> _DATA_:
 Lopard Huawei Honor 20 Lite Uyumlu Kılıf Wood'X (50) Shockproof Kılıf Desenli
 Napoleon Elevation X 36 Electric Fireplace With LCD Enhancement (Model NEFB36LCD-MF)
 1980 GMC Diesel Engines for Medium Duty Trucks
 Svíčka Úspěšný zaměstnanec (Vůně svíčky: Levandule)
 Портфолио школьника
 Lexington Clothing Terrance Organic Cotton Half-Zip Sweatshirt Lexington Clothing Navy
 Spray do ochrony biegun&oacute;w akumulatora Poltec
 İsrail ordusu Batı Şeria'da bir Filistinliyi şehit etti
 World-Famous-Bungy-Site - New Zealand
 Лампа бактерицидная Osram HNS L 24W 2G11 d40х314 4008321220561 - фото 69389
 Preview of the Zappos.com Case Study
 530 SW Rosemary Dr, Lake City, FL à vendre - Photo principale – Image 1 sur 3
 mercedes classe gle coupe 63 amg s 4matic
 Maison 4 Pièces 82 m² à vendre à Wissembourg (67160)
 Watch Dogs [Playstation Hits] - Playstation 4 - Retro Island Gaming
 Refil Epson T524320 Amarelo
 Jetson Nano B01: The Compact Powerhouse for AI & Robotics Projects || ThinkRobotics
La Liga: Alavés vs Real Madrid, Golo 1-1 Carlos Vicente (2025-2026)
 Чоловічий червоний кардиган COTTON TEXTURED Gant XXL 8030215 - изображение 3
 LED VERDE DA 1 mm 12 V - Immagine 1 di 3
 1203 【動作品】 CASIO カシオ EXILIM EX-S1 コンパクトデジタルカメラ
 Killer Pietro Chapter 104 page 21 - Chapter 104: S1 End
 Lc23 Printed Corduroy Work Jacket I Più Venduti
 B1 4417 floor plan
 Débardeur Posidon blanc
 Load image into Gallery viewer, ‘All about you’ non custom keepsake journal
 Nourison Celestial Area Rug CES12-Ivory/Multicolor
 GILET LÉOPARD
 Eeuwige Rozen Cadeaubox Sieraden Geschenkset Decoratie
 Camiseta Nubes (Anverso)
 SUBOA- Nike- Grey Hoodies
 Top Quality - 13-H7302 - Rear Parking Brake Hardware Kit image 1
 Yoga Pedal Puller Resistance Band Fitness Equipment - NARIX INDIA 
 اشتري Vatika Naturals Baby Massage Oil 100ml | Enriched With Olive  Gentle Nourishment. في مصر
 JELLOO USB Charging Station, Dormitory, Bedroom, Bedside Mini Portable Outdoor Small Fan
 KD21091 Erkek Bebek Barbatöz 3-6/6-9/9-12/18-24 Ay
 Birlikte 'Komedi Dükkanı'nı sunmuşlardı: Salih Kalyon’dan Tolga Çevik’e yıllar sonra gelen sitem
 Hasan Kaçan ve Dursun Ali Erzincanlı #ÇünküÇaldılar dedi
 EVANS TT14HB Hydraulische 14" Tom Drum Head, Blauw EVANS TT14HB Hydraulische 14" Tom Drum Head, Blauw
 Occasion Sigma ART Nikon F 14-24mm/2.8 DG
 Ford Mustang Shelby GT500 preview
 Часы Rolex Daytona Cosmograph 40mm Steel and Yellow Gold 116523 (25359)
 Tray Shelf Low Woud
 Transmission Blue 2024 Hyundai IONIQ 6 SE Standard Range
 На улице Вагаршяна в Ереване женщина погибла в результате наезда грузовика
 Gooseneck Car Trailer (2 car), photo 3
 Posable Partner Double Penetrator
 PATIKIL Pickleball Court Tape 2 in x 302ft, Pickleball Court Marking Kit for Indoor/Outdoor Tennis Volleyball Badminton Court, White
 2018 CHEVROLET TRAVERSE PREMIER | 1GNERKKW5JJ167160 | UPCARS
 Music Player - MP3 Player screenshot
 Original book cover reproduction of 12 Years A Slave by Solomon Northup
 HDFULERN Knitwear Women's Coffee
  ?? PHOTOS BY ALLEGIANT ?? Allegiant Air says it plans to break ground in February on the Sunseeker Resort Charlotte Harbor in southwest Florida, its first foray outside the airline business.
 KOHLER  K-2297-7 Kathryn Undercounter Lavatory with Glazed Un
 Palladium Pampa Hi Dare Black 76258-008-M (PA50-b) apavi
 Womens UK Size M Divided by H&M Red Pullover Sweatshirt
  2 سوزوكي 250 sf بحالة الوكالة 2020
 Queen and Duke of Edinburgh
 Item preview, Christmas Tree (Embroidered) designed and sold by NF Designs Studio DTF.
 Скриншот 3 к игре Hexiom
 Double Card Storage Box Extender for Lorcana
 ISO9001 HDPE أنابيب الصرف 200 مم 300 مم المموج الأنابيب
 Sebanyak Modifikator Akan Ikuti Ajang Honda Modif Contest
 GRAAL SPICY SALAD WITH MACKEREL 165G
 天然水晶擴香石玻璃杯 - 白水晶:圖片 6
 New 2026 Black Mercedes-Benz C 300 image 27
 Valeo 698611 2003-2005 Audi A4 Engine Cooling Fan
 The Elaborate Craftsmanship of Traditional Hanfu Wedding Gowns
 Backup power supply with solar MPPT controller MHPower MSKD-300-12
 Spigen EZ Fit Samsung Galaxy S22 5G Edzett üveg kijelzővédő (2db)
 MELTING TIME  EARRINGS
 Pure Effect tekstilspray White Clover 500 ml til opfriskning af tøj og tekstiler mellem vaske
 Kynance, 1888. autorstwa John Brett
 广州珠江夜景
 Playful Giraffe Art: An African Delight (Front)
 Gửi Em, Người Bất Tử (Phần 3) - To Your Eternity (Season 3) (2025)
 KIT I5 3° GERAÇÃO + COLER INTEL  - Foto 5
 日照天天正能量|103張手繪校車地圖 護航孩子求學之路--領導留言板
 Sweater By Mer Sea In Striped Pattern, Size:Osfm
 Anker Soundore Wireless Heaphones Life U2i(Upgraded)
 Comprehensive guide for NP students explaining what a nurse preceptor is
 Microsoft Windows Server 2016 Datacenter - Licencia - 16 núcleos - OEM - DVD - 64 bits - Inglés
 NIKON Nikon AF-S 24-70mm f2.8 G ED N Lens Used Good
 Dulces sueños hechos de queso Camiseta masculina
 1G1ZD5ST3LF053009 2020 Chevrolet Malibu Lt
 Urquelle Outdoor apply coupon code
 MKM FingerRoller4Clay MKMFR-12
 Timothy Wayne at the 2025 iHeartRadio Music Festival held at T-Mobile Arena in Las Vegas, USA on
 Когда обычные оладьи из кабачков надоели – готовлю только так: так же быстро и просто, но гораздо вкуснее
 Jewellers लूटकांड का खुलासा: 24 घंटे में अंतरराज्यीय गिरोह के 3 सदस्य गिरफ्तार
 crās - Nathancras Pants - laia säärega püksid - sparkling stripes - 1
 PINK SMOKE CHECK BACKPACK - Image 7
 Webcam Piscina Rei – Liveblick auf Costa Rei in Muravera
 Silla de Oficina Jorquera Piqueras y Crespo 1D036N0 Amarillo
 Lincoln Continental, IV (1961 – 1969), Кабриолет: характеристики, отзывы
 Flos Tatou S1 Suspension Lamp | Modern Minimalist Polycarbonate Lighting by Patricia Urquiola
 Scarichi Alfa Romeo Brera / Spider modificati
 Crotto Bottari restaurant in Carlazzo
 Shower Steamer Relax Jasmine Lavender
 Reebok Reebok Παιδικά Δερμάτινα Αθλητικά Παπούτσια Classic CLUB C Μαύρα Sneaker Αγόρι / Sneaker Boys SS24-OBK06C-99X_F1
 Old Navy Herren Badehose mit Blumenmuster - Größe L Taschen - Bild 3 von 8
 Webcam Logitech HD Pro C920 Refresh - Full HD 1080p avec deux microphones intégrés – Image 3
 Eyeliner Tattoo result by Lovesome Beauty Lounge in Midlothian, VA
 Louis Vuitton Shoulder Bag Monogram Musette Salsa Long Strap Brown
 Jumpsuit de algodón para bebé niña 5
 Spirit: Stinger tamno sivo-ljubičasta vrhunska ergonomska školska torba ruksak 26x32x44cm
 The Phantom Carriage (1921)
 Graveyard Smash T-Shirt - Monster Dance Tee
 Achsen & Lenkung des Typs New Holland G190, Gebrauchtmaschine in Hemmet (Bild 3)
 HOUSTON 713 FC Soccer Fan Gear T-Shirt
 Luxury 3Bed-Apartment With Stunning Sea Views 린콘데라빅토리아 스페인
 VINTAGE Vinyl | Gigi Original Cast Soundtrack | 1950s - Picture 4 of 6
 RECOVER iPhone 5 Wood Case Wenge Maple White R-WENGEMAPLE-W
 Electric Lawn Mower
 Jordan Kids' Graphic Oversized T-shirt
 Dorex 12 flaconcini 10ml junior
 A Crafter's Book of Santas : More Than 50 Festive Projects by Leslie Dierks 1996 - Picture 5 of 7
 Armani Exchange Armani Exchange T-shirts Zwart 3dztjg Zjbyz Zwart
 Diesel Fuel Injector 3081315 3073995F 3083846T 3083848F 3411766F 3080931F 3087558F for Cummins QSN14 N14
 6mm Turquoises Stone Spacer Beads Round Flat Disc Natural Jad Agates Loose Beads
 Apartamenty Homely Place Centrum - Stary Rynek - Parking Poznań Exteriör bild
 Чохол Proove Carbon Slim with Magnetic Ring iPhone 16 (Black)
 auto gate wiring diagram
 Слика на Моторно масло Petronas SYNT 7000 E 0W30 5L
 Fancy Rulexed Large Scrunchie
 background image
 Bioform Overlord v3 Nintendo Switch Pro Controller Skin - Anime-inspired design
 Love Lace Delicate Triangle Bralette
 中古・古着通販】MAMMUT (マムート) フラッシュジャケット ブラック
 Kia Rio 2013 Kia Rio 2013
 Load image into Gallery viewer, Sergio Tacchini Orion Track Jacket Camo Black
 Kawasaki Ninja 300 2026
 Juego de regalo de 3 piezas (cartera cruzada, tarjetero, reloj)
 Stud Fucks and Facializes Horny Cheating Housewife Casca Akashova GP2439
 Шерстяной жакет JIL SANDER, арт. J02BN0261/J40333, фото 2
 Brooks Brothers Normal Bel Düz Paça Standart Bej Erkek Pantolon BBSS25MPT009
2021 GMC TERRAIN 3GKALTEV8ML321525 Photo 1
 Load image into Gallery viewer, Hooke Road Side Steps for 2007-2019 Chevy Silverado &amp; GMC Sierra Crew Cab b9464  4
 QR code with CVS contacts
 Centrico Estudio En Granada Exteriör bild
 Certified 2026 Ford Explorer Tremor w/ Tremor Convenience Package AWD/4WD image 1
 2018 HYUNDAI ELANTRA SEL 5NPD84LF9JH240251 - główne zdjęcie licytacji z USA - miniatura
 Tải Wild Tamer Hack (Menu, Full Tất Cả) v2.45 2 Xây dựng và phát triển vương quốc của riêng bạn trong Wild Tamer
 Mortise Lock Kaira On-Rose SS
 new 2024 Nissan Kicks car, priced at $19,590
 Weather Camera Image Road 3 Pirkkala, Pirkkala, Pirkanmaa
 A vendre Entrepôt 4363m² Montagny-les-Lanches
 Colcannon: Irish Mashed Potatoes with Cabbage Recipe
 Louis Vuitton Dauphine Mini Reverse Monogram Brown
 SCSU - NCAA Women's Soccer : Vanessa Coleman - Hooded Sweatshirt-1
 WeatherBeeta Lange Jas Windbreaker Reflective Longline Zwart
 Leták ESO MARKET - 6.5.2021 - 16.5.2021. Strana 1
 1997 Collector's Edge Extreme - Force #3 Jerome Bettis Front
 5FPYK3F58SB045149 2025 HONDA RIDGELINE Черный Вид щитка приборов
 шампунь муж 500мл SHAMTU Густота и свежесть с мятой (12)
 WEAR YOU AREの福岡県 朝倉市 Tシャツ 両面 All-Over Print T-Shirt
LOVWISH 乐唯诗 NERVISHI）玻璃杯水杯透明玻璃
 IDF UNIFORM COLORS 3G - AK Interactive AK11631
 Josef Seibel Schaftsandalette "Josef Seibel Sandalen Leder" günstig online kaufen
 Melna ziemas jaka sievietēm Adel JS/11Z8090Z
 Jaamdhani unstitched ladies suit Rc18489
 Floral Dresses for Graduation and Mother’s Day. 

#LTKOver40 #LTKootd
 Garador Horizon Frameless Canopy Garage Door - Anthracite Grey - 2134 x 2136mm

> _YOUR OBJECTIVE_:
Taking the entries above, write out exactly each line from the one holding "Débardeur Posidon blanc" to the one holding "اشتري Vatika Naturals", both included, and stop there.

> _ANSWER AREA_:
 Débardeur Posidon blanc
 Load image into Gallery viewer, ‘All about you’ non custom keepsake journal
 Nourison Celestial Area Rug CES12-Ivory/Multicolor
 GILET LÉOPARD
 Eeuwige Rozen Cadeaubox Sieraden Geschenkset Decoratie
 Camiseta Nubes (Anverso)
 SUBOA- Nike- Grey Hoodies
 Top Quality - 13-H7302 - Rear Parking Brake Hardware Kit image 1
 Yoga Pedal Puller Resistance Band Fitness Equipment - NARIX INDIA 
 اشتري Vatika Naturals Baby Massage Oil 100ml | Enriched With Olive  Gentle Nourishment. في مصر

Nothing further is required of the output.